Paulo Freire, Pedagogy of the Oppressed (London: Bloomsbury, 2000).
I have a weakness for feel-good teacher stories. One of my favourites is Letter to a Teacher (1967). It is written by the pupils of Fr. Lorenzo Milani (1923-1967), who taught peasant children in the village of Barbiana in northern Italy. They write about how other schools marginalized them, forcing them to sit unfair exams, penalizing them if they missed school to help with the harvest and refusing to treat them as complex people with their own ideas and life experiences. Fr. Milani inspired kids who had been abandoned by the system and in turn their “letter” has inspired generations of teachers all over the world.
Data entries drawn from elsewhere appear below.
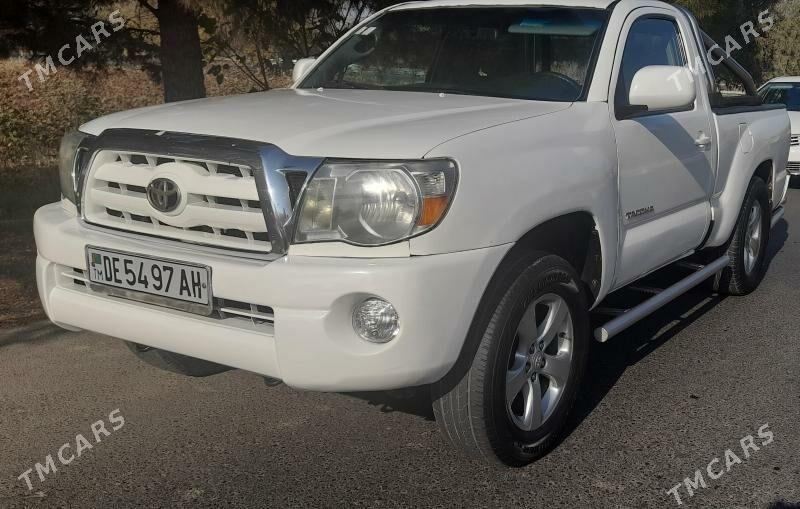 Toyota Tacoma 2009 - 170 000 TMT - Кака - img 1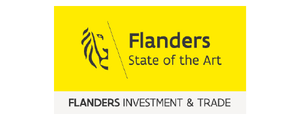 LZ Medien Logo International Flanders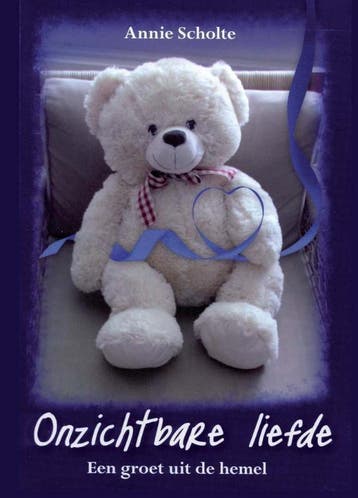 Onzichtbare liefde - Annie Scholte 9789085483328, Verzenden, Zo goed als nieuw, Annie Scholte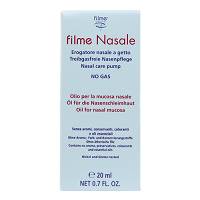 FILME NASALE OLIO 20ML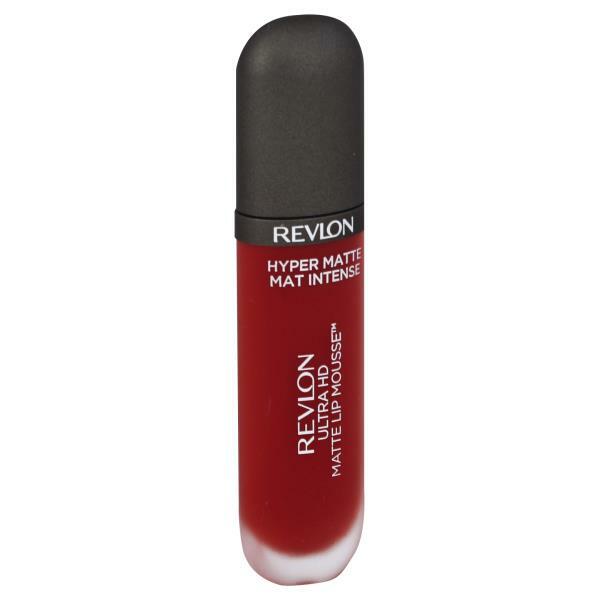 Lip Gloss Set - Vinyl Matte Lip Color & Lip Mousse - 0.2oz / 5.9ml - You Pick Shade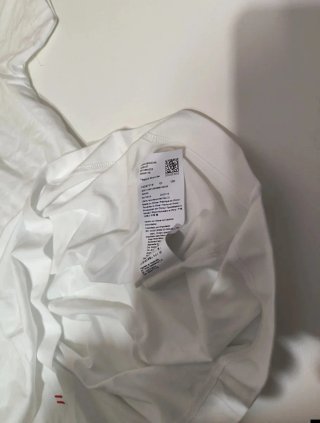 Pijama HUGO BOSS Blanco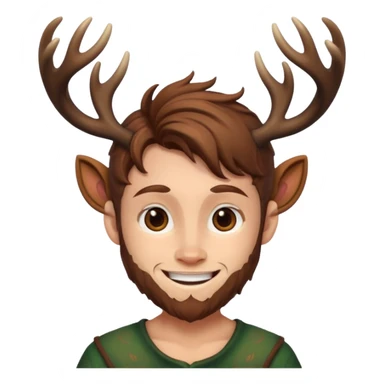 faune sticker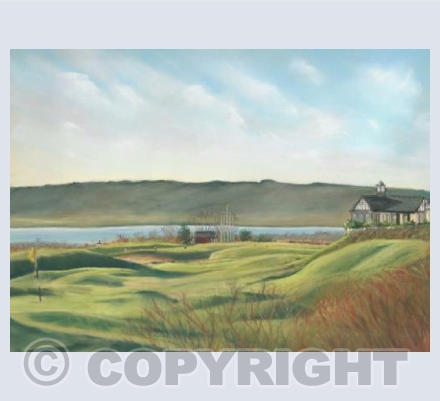 Royal Dornoch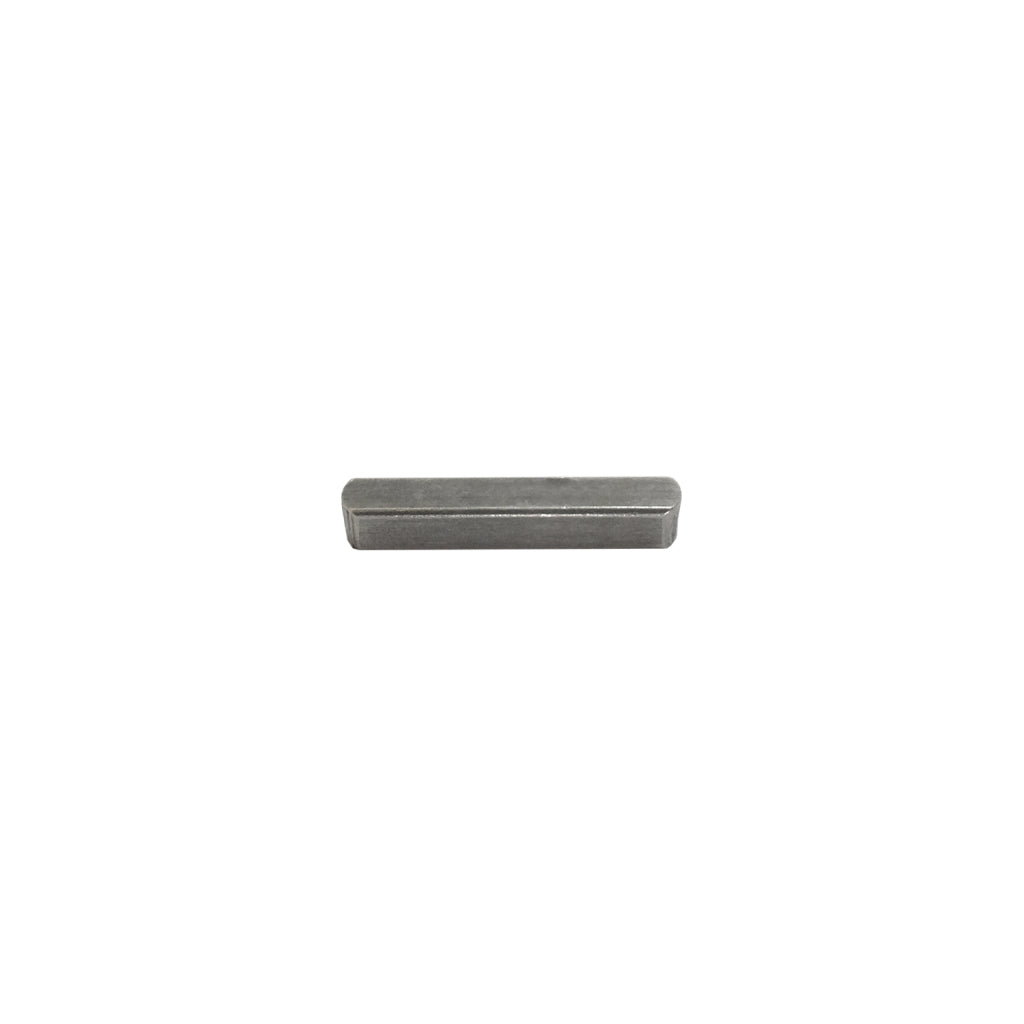 Chaveta do Rotor da Bomba para Motobomba VMB552 / VMB652S / VMB653S / VMB552H / VM653 / VMB20D / VMB20HD / VMB30D – foto 2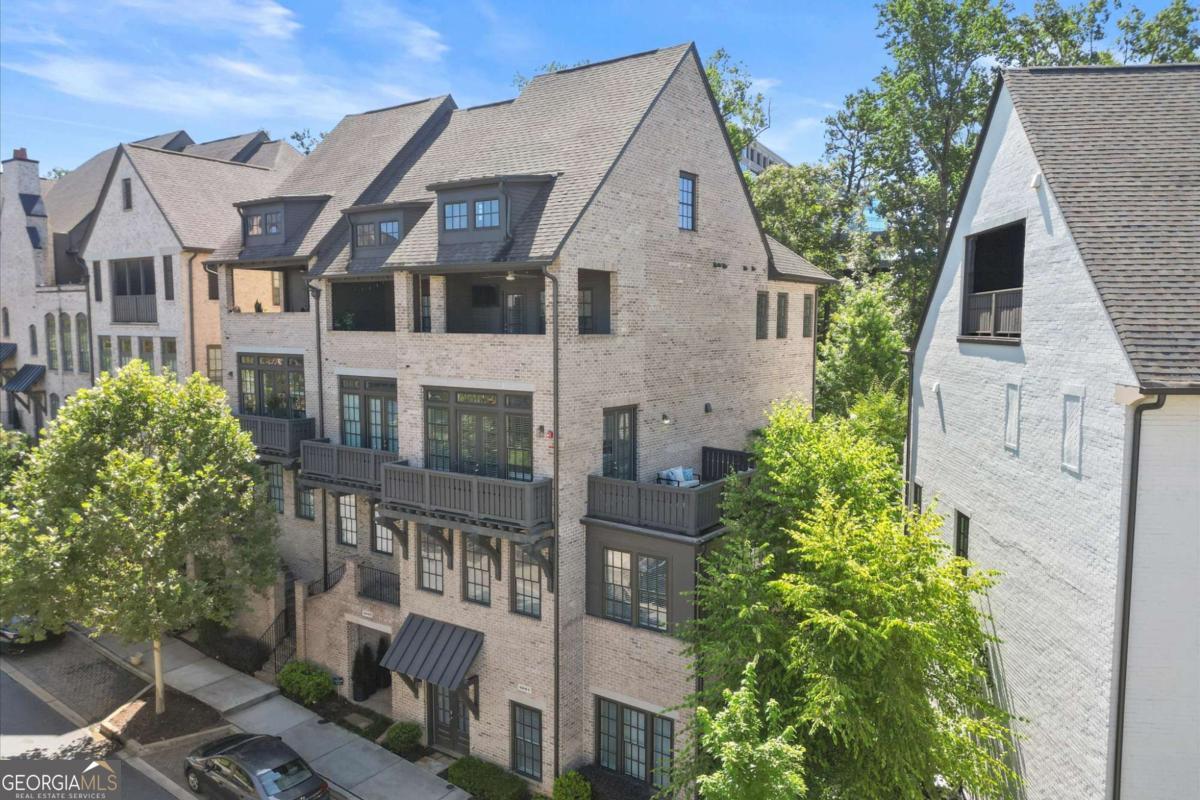 6601 Cadence Boulevard Atlanta GA 30328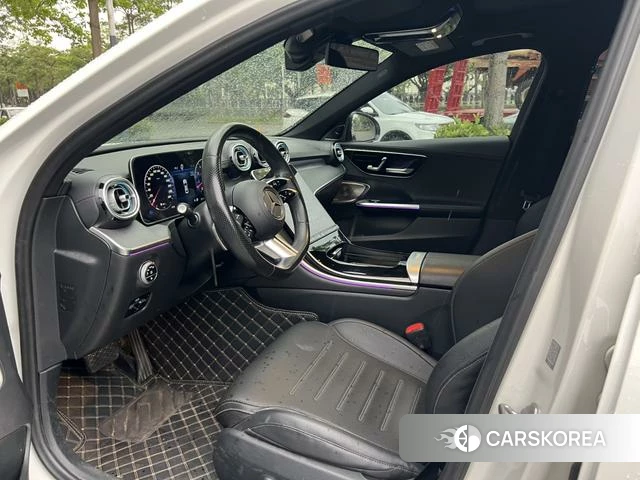 Mercedes-Benz Class C id 4276854 из Китая 10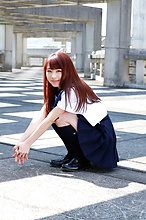 Ayumi Ishida - Picture 2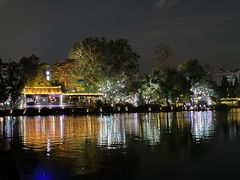 -南通濠河风景名胜区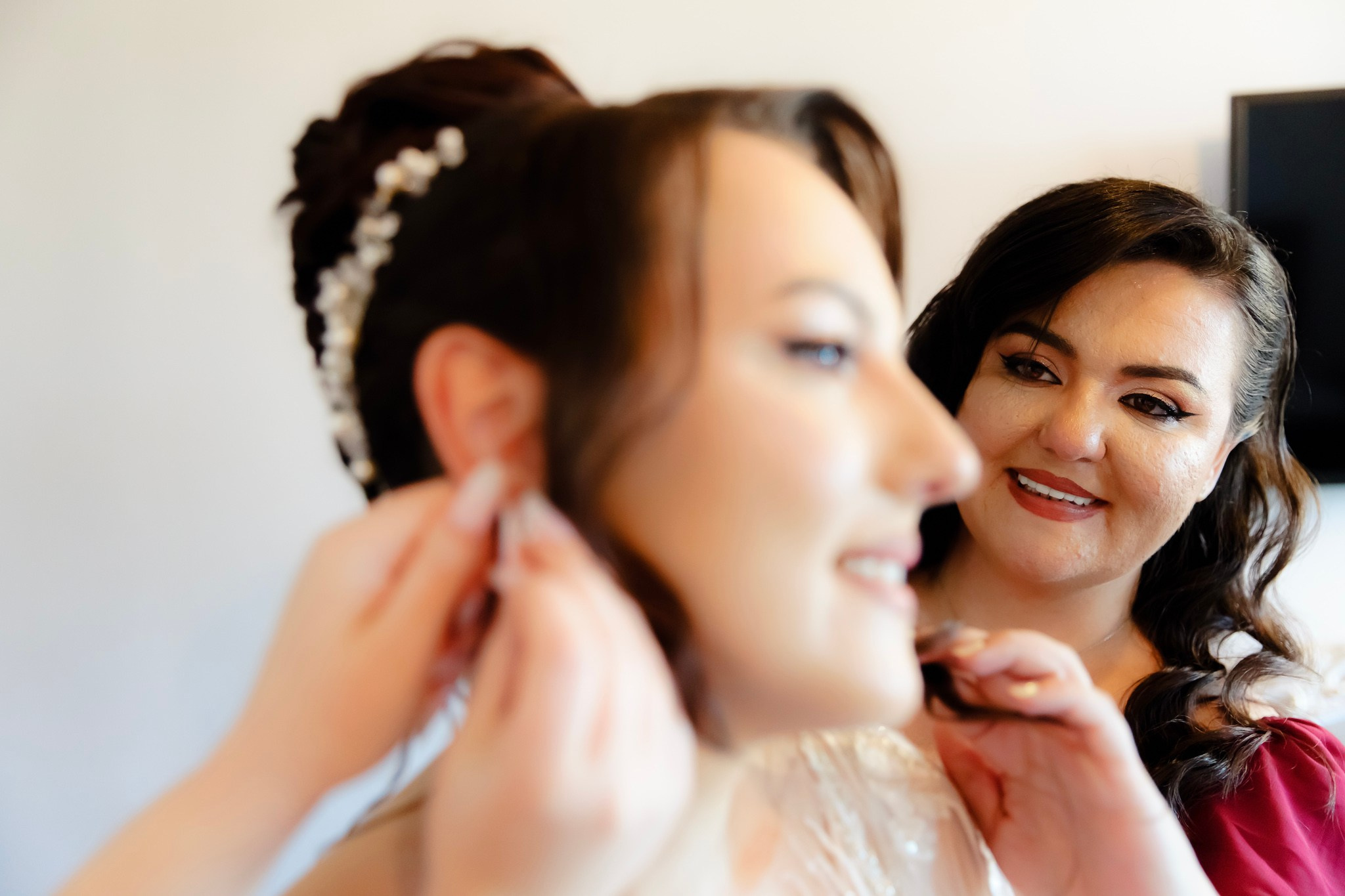 Ioana & Ionuț | Nuntă de poveste la Păstrăvăria Poiana din Mălini județul Suceava. Servicii foto-video profesionale, pentru momente de neuitat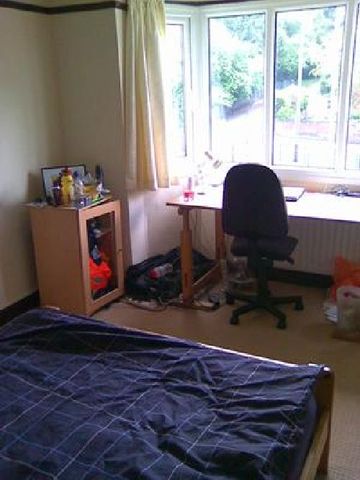  Image of 5 bedroom House Share to rent in Harborne Lane Selly Oak Birmingham B29 at Harborne Bristol Harborne, B29 6TQ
Paulo Freire’s Pedagogy of the Oppressed (1968) is another feel-good story. In 1962, when he was director of the Department of Cultural Extension at Recife University, Freire (1921-1997) began an experiment teaching 300 sugarcane workers to read and write in just 45 days. Literacy was a precondition for voting in 1960’s Brazil so Freire’s “experiment” was as much about giving a voice to the disenfranchised as it was about reading and writing. Instead of teaching a set curriculum, he started with words from workers’ everyday lives that would increase their ability to earn a wage. It was such a success that the government approved a plan to create 2,000 cultural circles to educate roughly 20,000 illiterate Brazilians. Unfortunately, the military coup of 1964 put a stop to these plans, and Freire was first arrested then exiled. He wrote Pedagogy of the Oppressed in exile, and the book explains what he thinks education should be all about.
Freire describes the way most classrooms operate as “banking education”. This happens when teachers treat students like empty containers and try to fill them up with the teacher’s opinions and “facts”. Banking education is an act of violence, according to Freire, because the teacher refuses to recognize the students’ humanity. S/he approaches them as things, as commodities produced by the school. This, Freire says, is the essence of oppression: “for the oppressors ‘human beings’ refers only to themselves; other people are ‘things’.” This might seem like a trivial definition of oppression, but Freire is deadly serious. The regime that imprisoned and exiled him frequently tortured and killed dissidents, and in 1968, the year Pedagogy of the Oppressed was published, it crushed a strong student protest movement before abolishing basic civil liberties and the parliamentary system. Freire defines oppression like this because he wants to warn his readers not to become oppressors themselves. The solution, he insists, is not for one group to overthrow another, but to get rid of oppression altogether.
Freire was heavily influenced by liberation theology in its early years and, unable to return to Brazil, he spent most of the rest of his life working as an educational consultant for the World Council of Churches. Freire believes that liberation consists in not wielding power over others, and in treating everyone you meet as a human being who is equal to you in every way. He says that everyone’s opinion is important and that you can only teach the poorest of the poor when you sit alongside them, something he calls “a profound rebirth”.
Not only the teacher needs to be reborn; so do the students. Freire writes, “the oppressed, who have been shaped by the death-affirming climate of oppression, must find through their struggle the way to life-affirming humanization. … In order to regain their humanity they must cease to be things and fight as men.” The Marxist in him wants the reader to assume that such a transformation is possible through the right type of pedagogy: “in problem-posing education, men develop their power to perceive critically the way they exist in the world with which and in which they find themselves; they come to see the world not as a static reality, but as a reality in process, in transformation.” Friere never mentions God in this book, but the type of liberation he writes about is only possible through Christianity. People can only become fully human if their Maker does a divine work in them. Restoring the humanity of broken and abused creatures lays at the heart of the incarnation, and if Freire doesn’t explicitly mention God it is because he doesn’t need to; he knows that it is God’s love and healing power that lies behind every restored relationship and transformed life moving closer to its heavenly model in Christ.